The more I hear about Downton Abbey, the more I don't want to watch it. It's the contrarian in me. I'm certain it's how people must feel when they don't watch Breaking Bad and they hear us converts going on and on about how it's the greatest show on television. (Because it's the greatest show on television.)
I am starting to feel the same way about Homeland.
Also, I have a Claire Danes problem. I have sort of disliked her ever since Billy Crudup left his 8-months-pregnant girlfriend for her.
I miss feeling motivated. A friend and I met for lunch yesterday and we talked about the two major things we've both been feeling the past year:
What's the point?
Is this all there is?
Then I had this realization that what I'm really wondering is this:
Is this all I am?
I think I ran out of goals and I can't figure out what my new ones should be. When I was young I wanted to be a writer. I wanted to work at a newspaper and a magazine. I wanted to write a book. Check, check, check.
I'm not sure what I expected to come from meeting those goals, but it sure wasn't this endless slog through rejection, lethargy, and existential whining.
This is why midlife crises happen.
This is why people get in the car and drive south until they find something bright and hopeful.

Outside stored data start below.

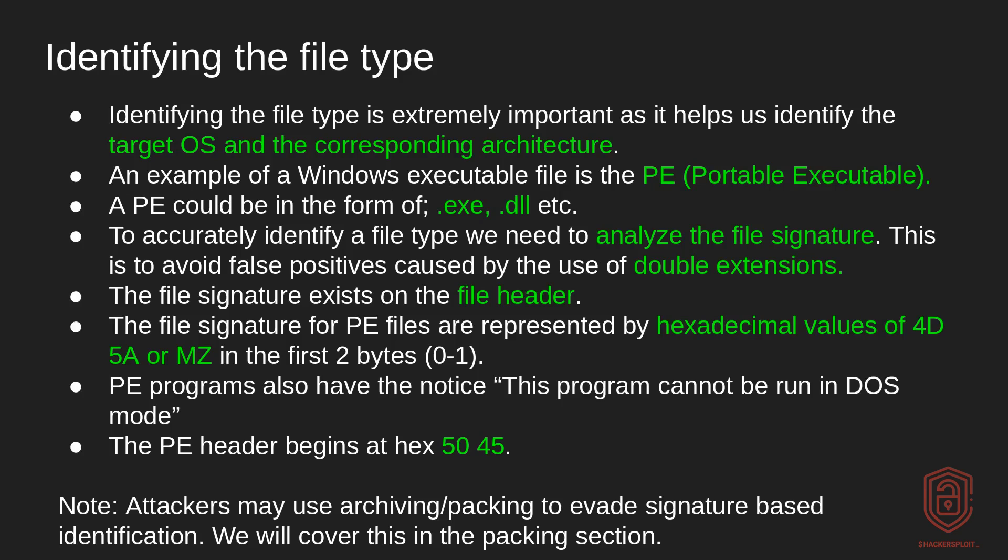Now the file signature itself usually exists on the file header. Now the file signature for PE files are represented by hexadecimal values of 4D and 5A or MZ, as I'll show you when we get started in a few minutes. So these are usually found in the first two bytes, denoted by zero and one. And again, this will all be shown shortly.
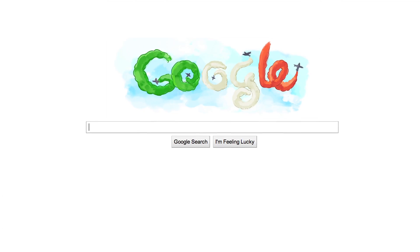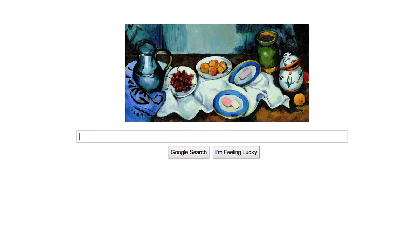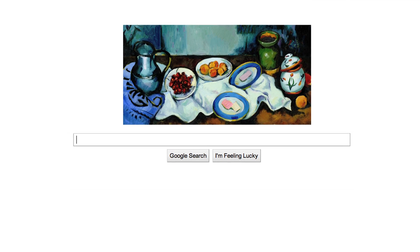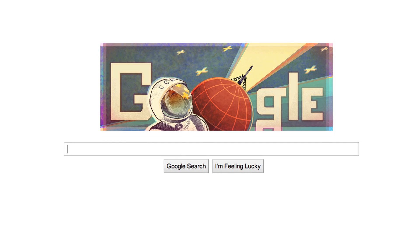The doodle is actually when we take the homepage logo and we change it by replacing some of the letters, sometimes the entire logo, with artwork to celebrate exciting events, special occasions, people — usually something that's innovative. Basically we take those events and we make them fun, and then we present it on our homepage for our users.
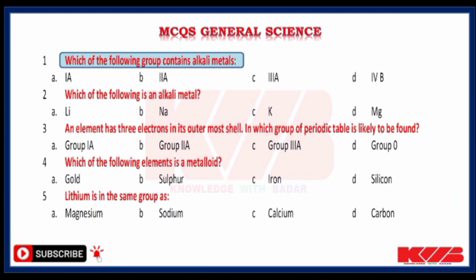Which of the following groups contain alkali metals? 1a, 2a, 3a or 4b? Yes, 1a.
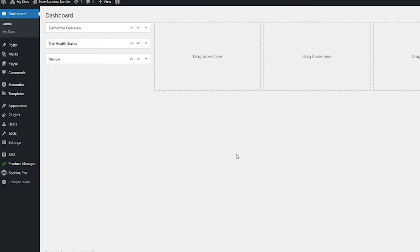Here we are on the WordPress dashboard and the first thing we're going to do is make a page for your landing page. Mouse over pages on the left hand side and then go to add new.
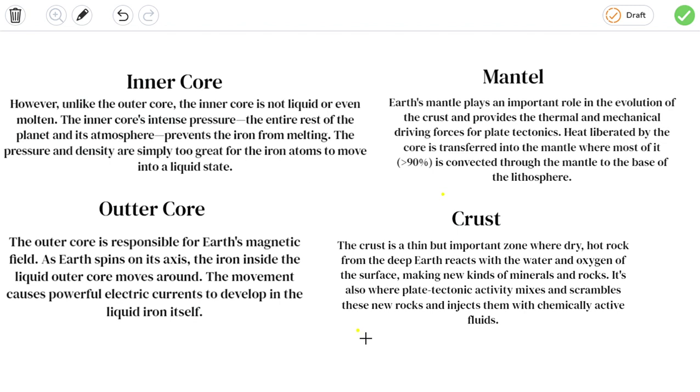Hello friends, welcome to my channel Learn with Samit. Today we're going to learn about the inner core, mantle, outer core, and crust.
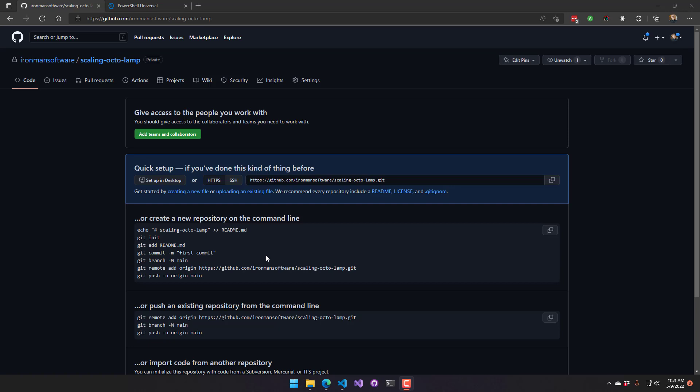In this video, we're going to look at how to configure Gitsync. Gitsync is used for synchronizing your local repository configuration files for PowerShell Universal to a remote Git repository.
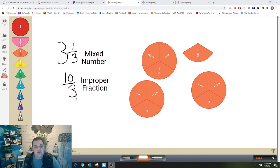For the improper fraction we just count all the pieces: three, six, nine, ten. There are ten third pieces, so the improper fraction is ten-thirds.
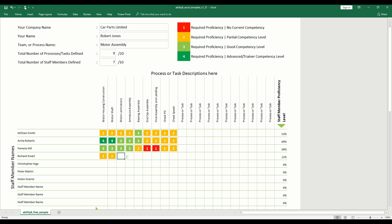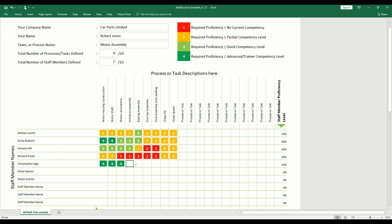You will no doubt quickly identify areas of your team or process that have less than the desired level of proficient cover. You will also be able to see which employees and tasks require imminent training via the proficiency summary scores.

Last night when Jennifer Garner presented some award right after her husband won Best Director, I thought, "MUST BE NICE TO BE YOU!"
I have a love/hate relationship with awards shows. The hate portion manifests itself in bitterness toward perfectly lovely people with lovely lives and lovely bank accounts who are dating my boyfriend. I'm looking at you Stacy Keibler, but not for long because you're just sort of boring.
Oh, and last night when Julia Roberts came out to present Best Picture, I thought, "Are you fucking kidding me with this Julia Roberts nonsense?"
Can we not be done with her already?
Everyone has celebrities they hate for no reason and she is mine. If I had to pick a reason it is probably because she's so farging self-satisfied and she refers to her husband by his full name like it's charming. Nothing that woman does is charming.
Every time they showed Mel Gibson on camera last night, it made me sad. Thanks a lot, Jodie Foster. I kept thinking about how he's ruined his life with his ranting, screaming drunkenness. It's like showing up at a party with someone who makes everybody uncomfortable. Then the energy around that person is all about his or her pathetic attempt to prove he or she is no longer a ranting, screaming drunk arsehole. And everyone else's energy is about treading softly because you know that AT ANY MOMENT things could veer seriously off-course.
Mel Gibson was the elephant in the room.
Anne Hathaway, on the other hand, was the "Tracy Flick" in the room. If you haven't seen Election, you should.
Did you notice that Michael J. Fox's son Sam was introduced as a "philanthropist?" Get a real job, rich kid. That was my first thought. Then I realized he probably works for some organization his dad started to fight Parkinson's. So I feel bad for wanting to smack him.
This (the 40-second mark) was my favorite moment from the show:
The only thing that would have made it better is if they'd cut to Taylor Swift's face during that moment.
I'm just going to assume she looked like this guy:
Actually, Tommy Lee Jones, I totally get it. This is my reaction to waking up to more rain, feeling left out of the whole Downton Abbey thing, seeing the Julia Roberts' Aura of Smug Self-Satisfaction.
So, who wants to drive to Key West with me?